Are you claiming that the lockdowns that happened in the first half of 2020 had zero effect on SARS-CoV-2 infections?
I'm literally asking a question, since it is news to me that "no professional infectious disease modeler will forecast out more than a few weeks."

Do I sense attitude? If so, why?

They did not.

Florida vs California.

read up.

In case anyone would like to actually read up on the impact of restrictions:

States That Imposed Few Restrictions Now Have the Worst Outbreaks (Nov 18, 2020)

https://www.nytimes.com/interactive/2020/11/18/us/covid-stat...

I mean...

> Nov 18, 2020

Looks at deaths per capita, from Jan 2020 to today. The position of peaks is barely relevant compared to their cumulative impact.

The fear with COVID was mutation of the disease into something more deadly and more contagious. What looks like fearmongering now was cautious behavior around mutation at the time. Conversely, Ebola isn't likely to mutate now, so we don't need that same level of caution.
> What looks like fearmongering now

We had over 1 million deaths in the US.

You travel back to 2016 and tell people we'll have a pandemic in the US, 1 million people will die, and then large groups of people will attempt to shrug that off as "nothing to get concerned about", people would find that incomprehensible.

If I were to post a comment on HN in 2016 suggesting that people would shrug off 1 million deaths due to a pandemic because it doesn't align with their worldview I would have been downvoted into oblivious for holding such a laughably ridiculous and cynical opinion.

Same could be said of the countless other climate related impacts that people in the very near distant past would consider horrific and impossible.

The power of the "this is fine" culture to not see reality is terrifying.

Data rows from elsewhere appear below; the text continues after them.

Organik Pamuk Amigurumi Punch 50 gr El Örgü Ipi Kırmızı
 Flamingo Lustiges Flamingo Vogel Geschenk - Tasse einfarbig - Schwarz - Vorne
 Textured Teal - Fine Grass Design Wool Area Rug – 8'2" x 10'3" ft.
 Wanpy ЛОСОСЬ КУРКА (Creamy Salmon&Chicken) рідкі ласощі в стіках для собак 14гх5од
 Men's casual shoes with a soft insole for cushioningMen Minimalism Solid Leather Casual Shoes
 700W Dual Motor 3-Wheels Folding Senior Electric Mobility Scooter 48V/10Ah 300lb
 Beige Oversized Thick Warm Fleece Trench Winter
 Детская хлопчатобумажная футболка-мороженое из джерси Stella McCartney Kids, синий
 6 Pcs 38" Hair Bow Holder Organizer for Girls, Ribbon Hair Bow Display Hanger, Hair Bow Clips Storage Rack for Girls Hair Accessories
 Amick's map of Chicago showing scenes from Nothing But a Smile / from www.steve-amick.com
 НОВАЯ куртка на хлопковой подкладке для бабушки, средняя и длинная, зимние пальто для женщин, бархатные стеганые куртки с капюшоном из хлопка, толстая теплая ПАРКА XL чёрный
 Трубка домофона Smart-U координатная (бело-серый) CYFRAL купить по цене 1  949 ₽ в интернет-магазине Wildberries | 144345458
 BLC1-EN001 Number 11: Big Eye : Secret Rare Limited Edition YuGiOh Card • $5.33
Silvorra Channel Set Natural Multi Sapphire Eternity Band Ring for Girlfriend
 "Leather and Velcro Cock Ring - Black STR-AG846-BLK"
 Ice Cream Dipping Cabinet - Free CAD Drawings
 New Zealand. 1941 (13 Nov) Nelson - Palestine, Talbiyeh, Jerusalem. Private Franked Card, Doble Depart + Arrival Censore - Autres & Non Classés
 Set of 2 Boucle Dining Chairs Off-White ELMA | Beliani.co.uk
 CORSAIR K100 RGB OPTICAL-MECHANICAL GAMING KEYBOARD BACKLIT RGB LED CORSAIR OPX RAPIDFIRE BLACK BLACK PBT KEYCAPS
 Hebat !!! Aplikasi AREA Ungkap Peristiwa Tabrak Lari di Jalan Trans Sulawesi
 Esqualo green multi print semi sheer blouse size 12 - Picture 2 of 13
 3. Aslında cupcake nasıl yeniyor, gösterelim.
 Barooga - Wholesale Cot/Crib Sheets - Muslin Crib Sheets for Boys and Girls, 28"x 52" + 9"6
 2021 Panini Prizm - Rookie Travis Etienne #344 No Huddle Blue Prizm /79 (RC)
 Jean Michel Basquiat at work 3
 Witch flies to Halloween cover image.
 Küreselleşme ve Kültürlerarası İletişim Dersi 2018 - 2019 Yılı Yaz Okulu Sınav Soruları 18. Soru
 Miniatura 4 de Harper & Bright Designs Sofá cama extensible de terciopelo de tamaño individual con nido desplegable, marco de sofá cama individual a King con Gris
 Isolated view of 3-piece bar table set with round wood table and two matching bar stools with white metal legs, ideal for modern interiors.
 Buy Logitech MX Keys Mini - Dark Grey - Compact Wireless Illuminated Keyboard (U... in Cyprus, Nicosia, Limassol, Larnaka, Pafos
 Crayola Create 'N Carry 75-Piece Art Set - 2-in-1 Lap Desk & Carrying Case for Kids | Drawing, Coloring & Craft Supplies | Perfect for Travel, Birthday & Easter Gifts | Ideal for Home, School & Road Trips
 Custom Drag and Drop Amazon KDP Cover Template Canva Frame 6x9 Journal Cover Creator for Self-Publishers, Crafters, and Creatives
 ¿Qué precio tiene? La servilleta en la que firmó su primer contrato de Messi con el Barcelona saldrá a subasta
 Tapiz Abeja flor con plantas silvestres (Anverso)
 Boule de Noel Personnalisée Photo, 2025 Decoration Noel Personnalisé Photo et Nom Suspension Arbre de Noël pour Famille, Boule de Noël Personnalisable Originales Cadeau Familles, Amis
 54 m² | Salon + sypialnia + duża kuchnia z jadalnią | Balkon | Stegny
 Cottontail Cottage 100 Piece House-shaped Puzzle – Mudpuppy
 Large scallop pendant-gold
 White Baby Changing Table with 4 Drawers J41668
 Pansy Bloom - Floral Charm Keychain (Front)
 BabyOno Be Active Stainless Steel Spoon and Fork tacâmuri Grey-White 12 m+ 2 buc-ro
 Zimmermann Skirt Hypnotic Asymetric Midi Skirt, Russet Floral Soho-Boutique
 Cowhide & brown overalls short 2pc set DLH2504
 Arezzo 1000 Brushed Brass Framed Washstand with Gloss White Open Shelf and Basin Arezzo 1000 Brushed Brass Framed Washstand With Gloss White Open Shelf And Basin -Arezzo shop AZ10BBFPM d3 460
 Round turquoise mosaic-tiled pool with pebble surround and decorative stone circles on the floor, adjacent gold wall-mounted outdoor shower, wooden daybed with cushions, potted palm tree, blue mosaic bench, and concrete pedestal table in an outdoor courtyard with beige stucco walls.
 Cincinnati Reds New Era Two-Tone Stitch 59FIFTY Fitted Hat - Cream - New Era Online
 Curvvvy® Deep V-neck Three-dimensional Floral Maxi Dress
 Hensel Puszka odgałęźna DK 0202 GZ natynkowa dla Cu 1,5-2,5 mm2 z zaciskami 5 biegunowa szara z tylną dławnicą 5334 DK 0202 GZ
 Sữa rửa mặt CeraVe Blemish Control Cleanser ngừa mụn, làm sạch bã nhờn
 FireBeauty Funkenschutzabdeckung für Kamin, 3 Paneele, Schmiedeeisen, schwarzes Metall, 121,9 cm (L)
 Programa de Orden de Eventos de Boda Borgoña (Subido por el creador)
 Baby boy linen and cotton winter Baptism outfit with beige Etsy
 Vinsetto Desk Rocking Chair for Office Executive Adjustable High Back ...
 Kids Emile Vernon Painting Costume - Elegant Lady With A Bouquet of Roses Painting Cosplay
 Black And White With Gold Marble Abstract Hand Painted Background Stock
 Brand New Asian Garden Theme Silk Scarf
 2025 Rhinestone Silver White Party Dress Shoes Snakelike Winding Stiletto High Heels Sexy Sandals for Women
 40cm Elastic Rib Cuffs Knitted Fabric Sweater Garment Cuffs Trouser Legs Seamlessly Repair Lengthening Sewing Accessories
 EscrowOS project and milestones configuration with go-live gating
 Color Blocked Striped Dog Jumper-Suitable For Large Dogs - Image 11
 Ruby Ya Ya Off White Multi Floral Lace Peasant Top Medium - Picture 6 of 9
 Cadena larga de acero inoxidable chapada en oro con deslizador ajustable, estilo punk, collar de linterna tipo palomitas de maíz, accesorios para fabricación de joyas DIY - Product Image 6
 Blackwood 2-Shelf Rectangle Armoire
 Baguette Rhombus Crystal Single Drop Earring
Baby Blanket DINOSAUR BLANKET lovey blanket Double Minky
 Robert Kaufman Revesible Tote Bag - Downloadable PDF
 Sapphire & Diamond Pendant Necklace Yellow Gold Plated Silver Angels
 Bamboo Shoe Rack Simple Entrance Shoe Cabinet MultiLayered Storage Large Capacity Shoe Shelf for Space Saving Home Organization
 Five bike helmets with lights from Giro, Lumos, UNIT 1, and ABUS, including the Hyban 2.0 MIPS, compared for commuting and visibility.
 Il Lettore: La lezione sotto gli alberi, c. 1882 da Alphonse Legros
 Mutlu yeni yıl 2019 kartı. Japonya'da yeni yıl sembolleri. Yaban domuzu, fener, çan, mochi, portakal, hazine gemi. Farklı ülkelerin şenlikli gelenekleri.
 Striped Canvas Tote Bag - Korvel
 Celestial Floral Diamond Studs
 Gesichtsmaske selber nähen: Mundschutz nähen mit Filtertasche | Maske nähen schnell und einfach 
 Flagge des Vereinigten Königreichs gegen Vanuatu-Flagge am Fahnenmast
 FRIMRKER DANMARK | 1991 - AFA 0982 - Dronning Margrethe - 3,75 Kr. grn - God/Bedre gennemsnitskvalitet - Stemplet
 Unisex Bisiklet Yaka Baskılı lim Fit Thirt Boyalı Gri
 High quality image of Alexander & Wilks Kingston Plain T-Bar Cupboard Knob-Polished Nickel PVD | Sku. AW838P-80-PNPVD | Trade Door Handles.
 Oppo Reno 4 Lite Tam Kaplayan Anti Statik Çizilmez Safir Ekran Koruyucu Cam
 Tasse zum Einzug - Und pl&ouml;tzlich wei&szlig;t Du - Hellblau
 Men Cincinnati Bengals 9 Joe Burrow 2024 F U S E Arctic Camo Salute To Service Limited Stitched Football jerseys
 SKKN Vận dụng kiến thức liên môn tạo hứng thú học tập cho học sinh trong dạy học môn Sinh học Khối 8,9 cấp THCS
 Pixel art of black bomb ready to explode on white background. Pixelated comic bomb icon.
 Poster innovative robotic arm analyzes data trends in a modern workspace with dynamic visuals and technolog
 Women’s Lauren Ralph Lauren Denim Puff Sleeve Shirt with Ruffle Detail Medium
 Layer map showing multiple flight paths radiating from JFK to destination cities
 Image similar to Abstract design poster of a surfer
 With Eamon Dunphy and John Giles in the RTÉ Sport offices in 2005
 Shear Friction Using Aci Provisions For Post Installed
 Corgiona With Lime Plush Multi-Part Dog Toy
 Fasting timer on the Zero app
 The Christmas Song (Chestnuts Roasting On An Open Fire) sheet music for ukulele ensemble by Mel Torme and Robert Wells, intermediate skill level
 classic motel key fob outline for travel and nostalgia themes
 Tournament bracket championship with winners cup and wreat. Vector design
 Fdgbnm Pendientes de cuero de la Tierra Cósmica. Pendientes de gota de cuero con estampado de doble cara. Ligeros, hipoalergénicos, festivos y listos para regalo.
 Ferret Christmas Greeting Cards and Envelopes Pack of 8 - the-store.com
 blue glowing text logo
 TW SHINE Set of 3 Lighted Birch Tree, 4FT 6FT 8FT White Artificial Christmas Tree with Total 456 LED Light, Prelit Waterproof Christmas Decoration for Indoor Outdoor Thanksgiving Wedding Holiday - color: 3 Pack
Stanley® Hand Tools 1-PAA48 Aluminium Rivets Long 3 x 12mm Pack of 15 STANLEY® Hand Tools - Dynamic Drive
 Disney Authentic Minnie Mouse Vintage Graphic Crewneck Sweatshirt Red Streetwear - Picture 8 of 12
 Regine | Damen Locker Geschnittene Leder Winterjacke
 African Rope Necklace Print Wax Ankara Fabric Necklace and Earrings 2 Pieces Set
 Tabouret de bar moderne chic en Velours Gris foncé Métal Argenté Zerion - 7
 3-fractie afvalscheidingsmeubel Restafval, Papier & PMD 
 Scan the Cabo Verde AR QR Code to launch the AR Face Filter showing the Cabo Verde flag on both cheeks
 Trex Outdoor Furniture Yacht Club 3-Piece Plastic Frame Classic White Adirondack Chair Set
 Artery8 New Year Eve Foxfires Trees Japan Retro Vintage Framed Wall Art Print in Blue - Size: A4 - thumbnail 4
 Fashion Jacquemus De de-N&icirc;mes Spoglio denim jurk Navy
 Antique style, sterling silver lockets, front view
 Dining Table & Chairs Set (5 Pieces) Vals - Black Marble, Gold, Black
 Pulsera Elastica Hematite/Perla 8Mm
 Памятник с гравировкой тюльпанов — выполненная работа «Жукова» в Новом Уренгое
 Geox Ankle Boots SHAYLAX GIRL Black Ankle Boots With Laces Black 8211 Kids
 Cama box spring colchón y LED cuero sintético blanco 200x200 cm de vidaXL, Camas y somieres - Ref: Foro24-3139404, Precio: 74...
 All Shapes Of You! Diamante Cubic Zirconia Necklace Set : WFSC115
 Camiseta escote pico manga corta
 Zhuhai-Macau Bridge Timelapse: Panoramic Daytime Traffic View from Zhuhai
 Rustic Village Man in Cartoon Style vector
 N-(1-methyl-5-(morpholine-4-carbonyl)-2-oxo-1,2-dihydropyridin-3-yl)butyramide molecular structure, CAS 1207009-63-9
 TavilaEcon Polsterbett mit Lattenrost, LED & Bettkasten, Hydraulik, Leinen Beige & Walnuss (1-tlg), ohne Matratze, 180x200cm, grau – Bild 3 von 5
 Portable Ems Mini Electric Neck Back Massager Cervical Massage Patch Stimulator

300k Americans die each year from obesity. Yet nobody seems to view this as an urgent issue needing addressing.
quite a lot of people do and have seen obesity as an urgent issue needing addressing. People at many levels of government, in both political parties, and for many years....
> Conversely, Ebola isn't likely to mutate now

Can you explain why?

They didn't need much more than noting Rt and experience of Wuhan, if you're thinking "IMHE!", sort of a red herring: yeah, they predicted X million of deaths, but it wasn't anymore complicated than take Rt, use in formula, and yeah we should probably see if we can eradicate this thing locally, early. Was never a global decision.